The following steps illustrate the sequence of actions in the tutorial:
- In module 1, you identify a rule set that requires enhancement
and open a revision for that rule set in the Standardization Rules Designer.
You also import sample data to use in the Standardization Rules Designer.
- In module 2, you categorize the parts of the data. You add classification
definitions that assign new values to existing classes and add a custom
class for a new type of data. Figure 1 shows how each value in an
example record for a fictional Sample Outdoor Company product can
be assigned to a class.
- In module 3, you add a lookup table that converts alphabetic information
about product colors to numeric color codes. Figure 2 shows part of the lookup
table that is added in the Standardization Rules Designer.
- In the first lesson of module 4, you modify a rule that was added
in the Standardization Rules Designer.
The rule is handling data incorrectly for some of the new product
brands. Figure 3 shows the output with the
current rule and the output after the rule is modified according to
the data cleansing requirements of the fictional Sample Outdoor Company.

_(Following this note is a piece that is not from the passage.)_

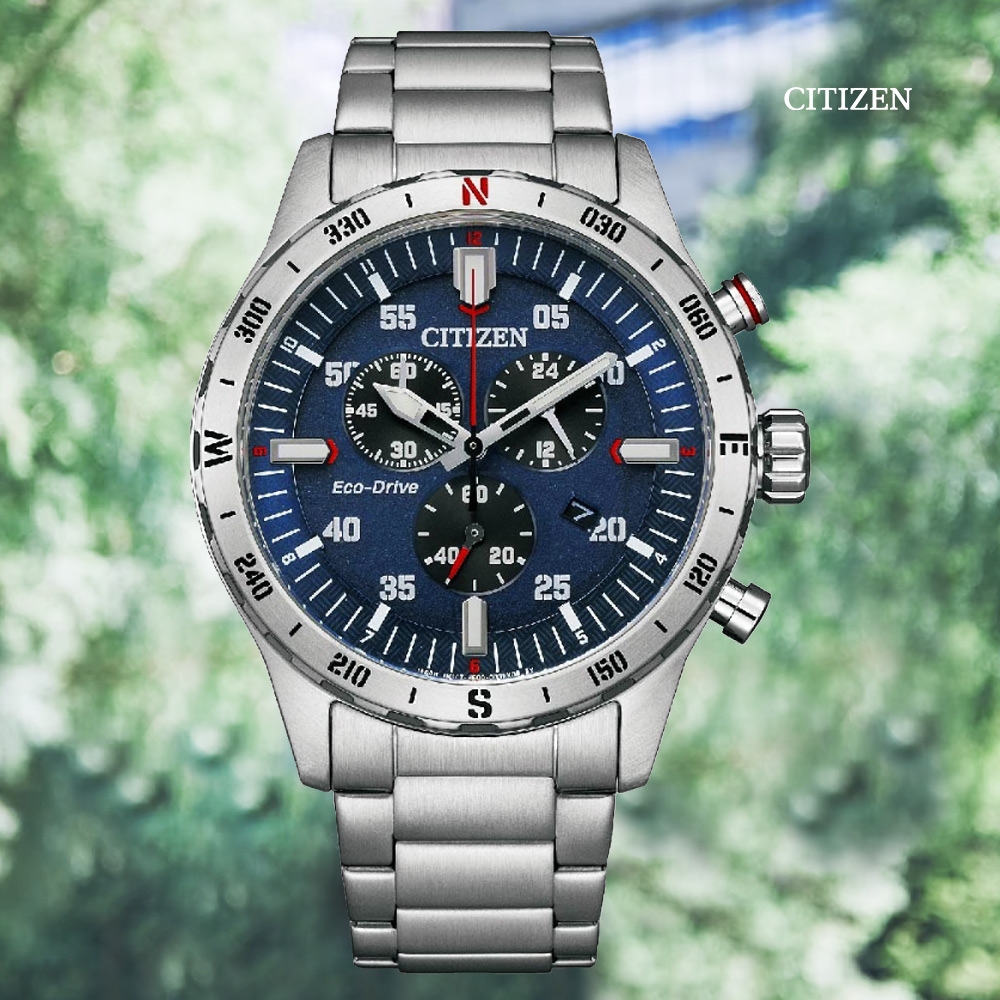 CITIZEN 星辰 Chronograph 光動能 計時碼錶三眼不鏽鋼腕錶-藍43.5mm(AT2520-89L 防水100米)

- In the second and third lessons of module 4, you identify the
most common pattern that is unhandled and add a rule to handle data
that matches the pattern. Figure 4 shows how an example record
for a fictional Sample Outdoor Company product is handled by the new
rule.
- In the fourth lesson of module 4, you create a rule that handles
two distinct values that are concatenated in the input data. For example,
if the input data contains the value 195cm,
you can create a rule that splits the value into the values 195 and cm and
places them in the appropriate output columns. Figure 5 shows how an example record
for a fictional Sample Outdoor Company product is handled by this
rule.
Learning objectives
By completing
the modules, you will learn about the concepts and tasks for enhancing
rule sets:
- Import sample data to see how records from the sample data are
affected by changes to parts of the rule set
- Use classifications to categorize parts of your data
- Add lookup tables to compare or convert data to specified values
- Create rules that apply actions to a group of related records
Time required
Before you begin the tutorial,
you must set up your environment. The time that is required for setup
depends on your current environment.
The modules each take 20 -
60 minutes to complete.
System requirements
The following
components and applications must be installed on your system.

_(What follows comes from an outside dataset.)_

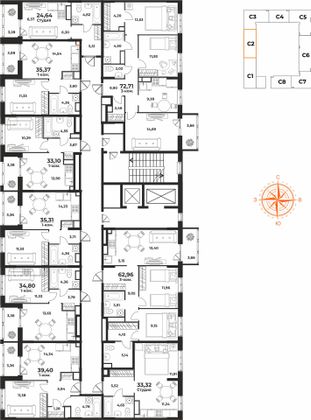 Продажа 3-комнатной квартиры 72,7 м², 7/10 этаж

- IBM InfoSphere QualityStage Standardization Rules Designer
- IBM InfoSphere QualityStage with
the following clients:
- IBM InfoSphere DataStage® and QualityStage Designer
- IBM InfoSphere DataStage and QualityStage Administrator
Prerequisites
Before you begin this
tutorial, you must understand data quality concepts such as standardization,
classification, and rules for data cleansing. Knowledge about InfoSphere DataStage and QualityStage concepts
such as jobs, stages, and reports might be helpful, but is not required.
Notices: The Sample Outdoor Company, GO Sales,
any variation of the Great Outdoors name, and Planning Sample, depict
fictitious business operations with sample data used to develop sample
applications for IBM and IBM customers. These fictitious
records include sample data for sales transactions, product distribution,
finance, and human resources. Any resemblance to actual names, addresses,
contact numbers, or transaction values, is coincidental. Other sample
files may contain fictional data manually or machine generated, factual
data compiled from academic or public sources, or data used with permission
of the copyright holder, for use as sample data to develop sample
applications. Product names referenced may be the trademarks of their
respective owners. Unauthorized duplication is prohibited.